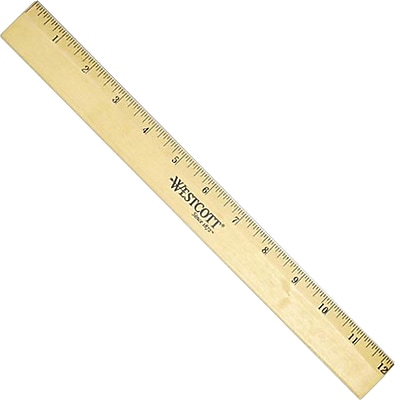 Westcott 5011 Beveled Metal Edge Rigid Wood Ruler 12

* * *

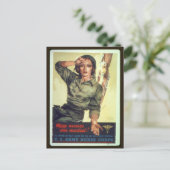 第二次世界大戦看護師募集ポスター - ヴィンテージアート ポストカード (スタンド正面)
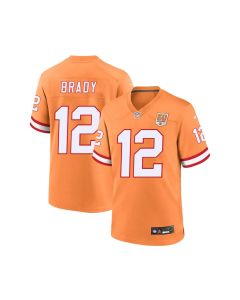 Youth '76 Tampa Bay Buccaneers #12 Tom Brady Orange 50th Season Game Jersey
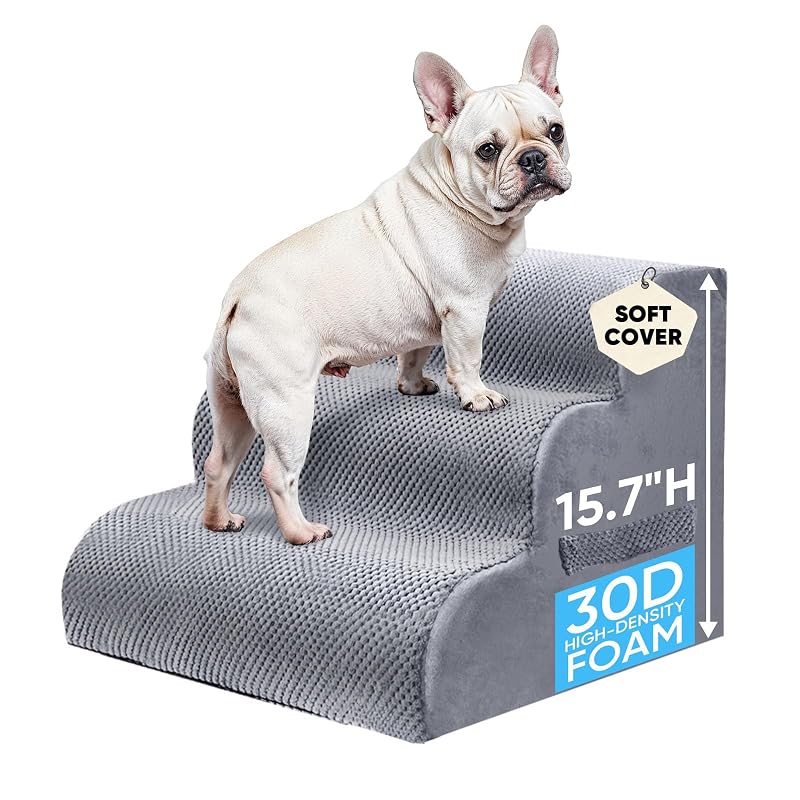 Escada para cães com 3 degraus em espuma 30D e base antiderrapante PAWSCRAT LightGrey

*ABOUT THIS EXERCISE*
Those lines of the records above that run from the one containing "Youth '76 Tampa" through the one containing "Escada para cães" should be returned exactly, with no pictures among them.

*WRITTEN SOLUTION*
 Youth '76 Tampa Bay Buccaneers #12 Tom Brady Orange 50th Season Game Jersey
 Escada para cães com 3 degraus em espuma 30D e base antiderrapante PAWSCRAT LightGrey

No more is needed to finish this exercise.